Les deux guerres mondiales, la crise de 1929, la Shoa, Hiroshima, la décolonisation, la chute du mur de Berlin et de l’expérience soviétique, les guerres néocoloniales toutes responsables de deuils et de malheurs, l’émergence des pays que l’occident avait qualifié de Tiers-Monde comme, avant 89, le peuple était le Tiers-Etat, et, la crise mondiale de 2008, bancaire, morale et humaine sont autant de crises qui ont façonné notre société.

Difficile de poser les prémices d’un discours, encore plus compliqué d’en poser les prémisses quand on s’apprête à développer un ressenti que tout le discours convenu contribue à nier ou ne pas voir.

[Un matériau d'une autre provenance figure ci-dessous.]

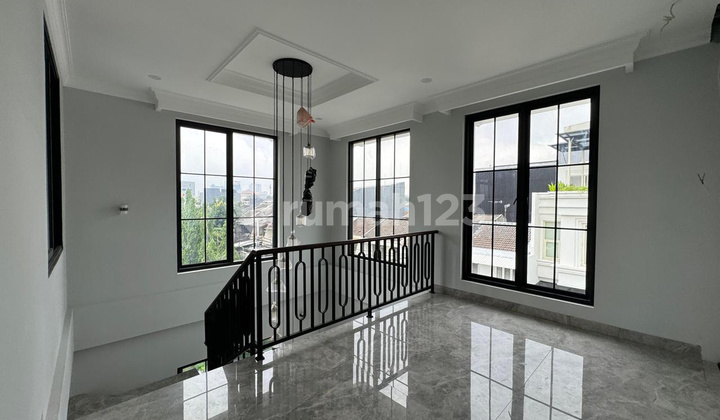 Rumah Baru Brandnew Mewah Uk 15X20m di Blok 8 Muara Karang,Pluit 2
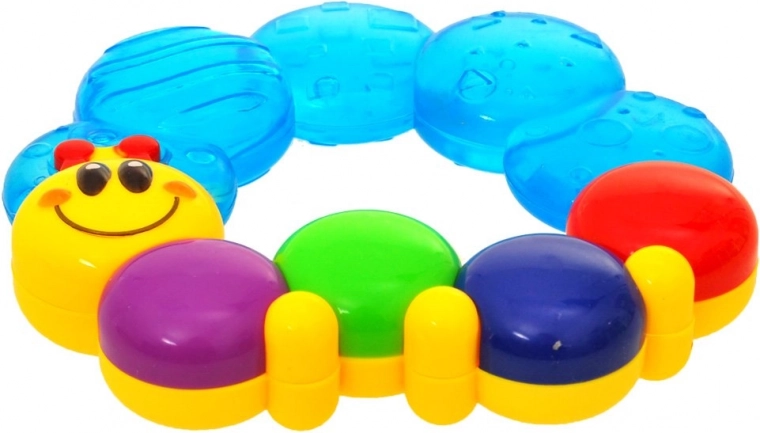 Gentle gum massage and teething relief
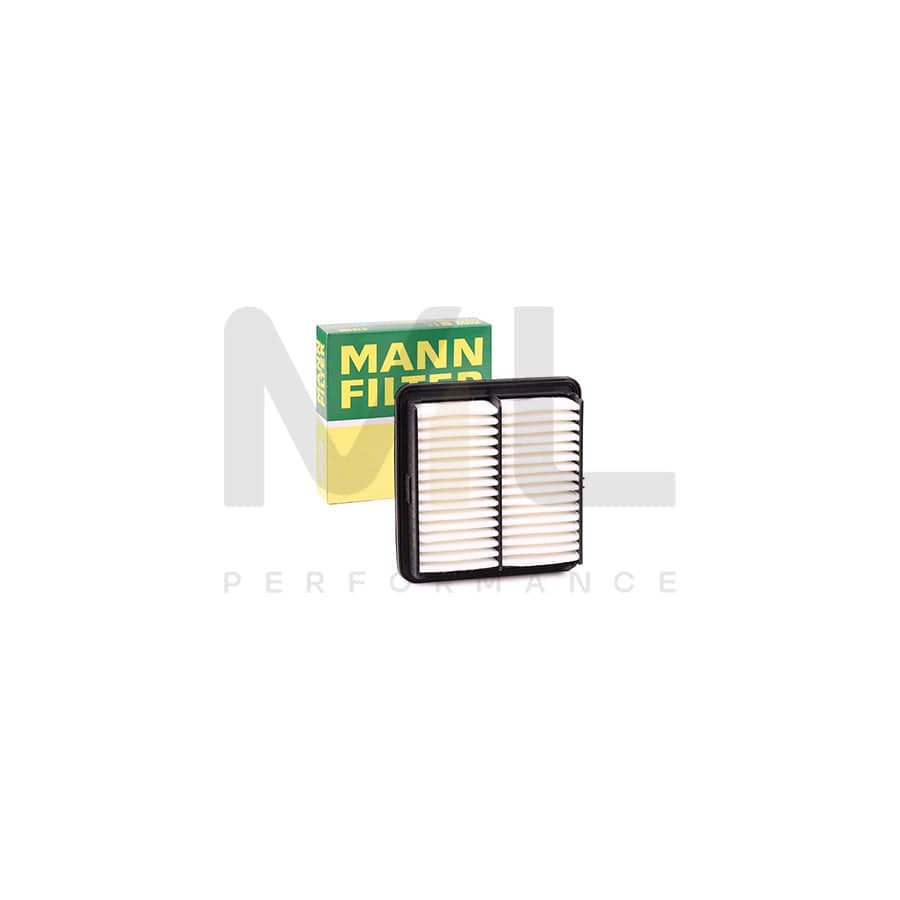 MANN-FILTER C 19 095 Air Filter for SUZUKI Jimny (FJ) Off-Road Filter Insert | ML Performance Car Parts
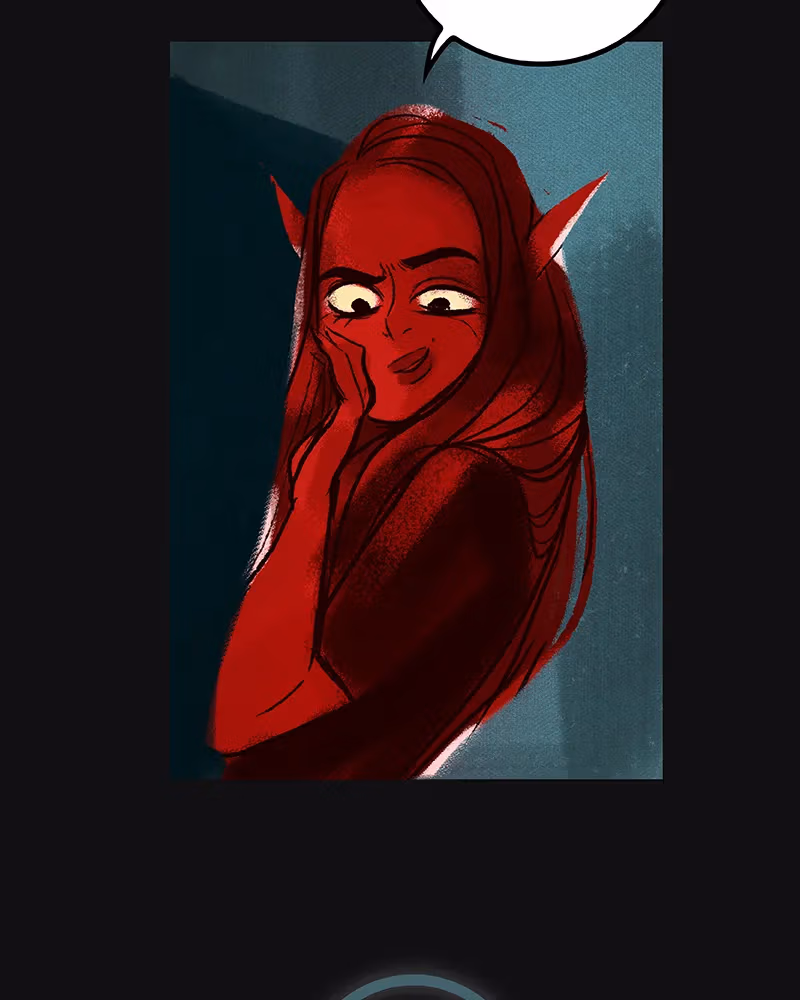 Read Lore Olympus chapter 52 image 7 on Lezhin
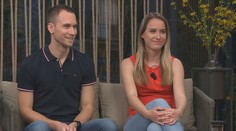V televizi to vypadá, že jedou pro rohlíky, ale je to 300 km/h, říká Ježek o MotoGP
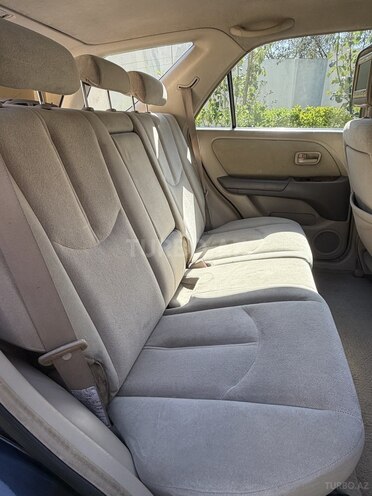 Toyota Harrier 2000, 250,000 km - 2.2 l - Bakı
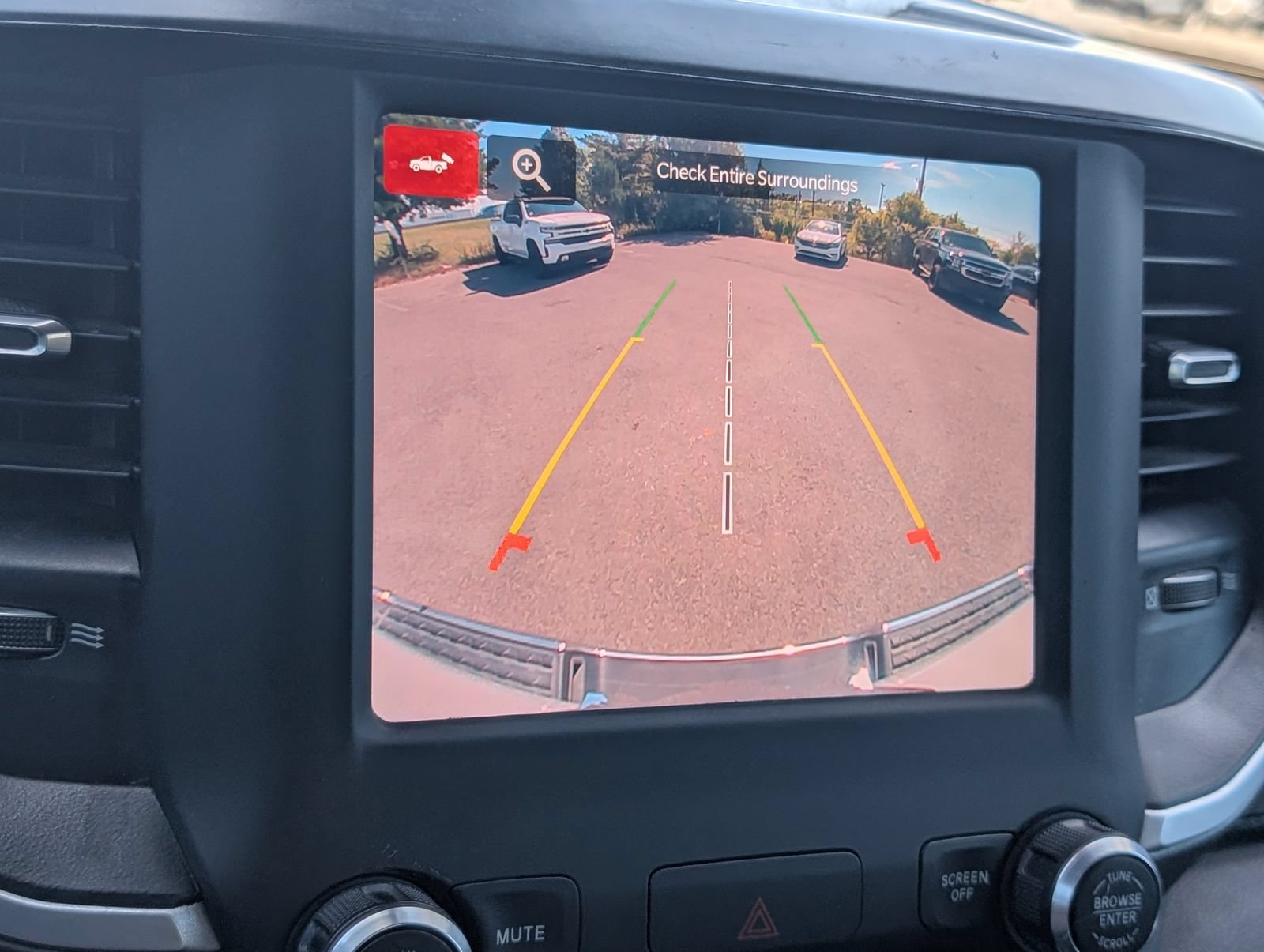 Used 2023 RAM 1500 Big Horn RWD image 10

Dans les sphères dirigeantes est apparu un libéralisme social, que représente caricaturalement le candidat Sarkozy mais aussi presque tous les autres candidats à l’élection présidentielle, issu de la peur de l’aggravation du chômage, de la précarité, des pertes d’emplois, de l’exclusion voire des phénomènes migratoires. Aussi, assiste-t-on à une montée brutale du tout économisme s’appuyant sur un libéralisme forcené présenté comme la seule voie possible pour le progrès de l’humanité. Cette dictature de la pensée unique est portée par une catégorie de nantis qui ne parle plus en milliers, mais en millions voire en milliards d’euros ou de dollars. S’ensuit une course à l’argent facile, aux réseaux qui le facilitent. « Chez ces gens-là, Monsieur », on n’a pas de patrie, on habite en Suisse ou à Monaco, on fait ses valises comme d’autres respirent, un jour à Marrakech, l’autre jour à New-York, un jour à Doha – on est bien partout puisqu’on chez soi partout – l’autre jour à St Moritz ou ailleurs – nous ne sommes plus à l’époque des lettres de change, les concentrations bancaires, l’internet facilitent les déplacements – et d’ailleurs certains apatrides de cœur ne s’en cachent pas quand ils disent qu’ils sont prêts à s’expatrier – le terme n’est pas bien choisi pour ceux-là même qui n’ont de patrie qu’un nom sur un passeport – si la gauche vient au pouvoir. Courage fuyons ! « Chez ces gens-là, Monsieur », la patrie c’est le fric.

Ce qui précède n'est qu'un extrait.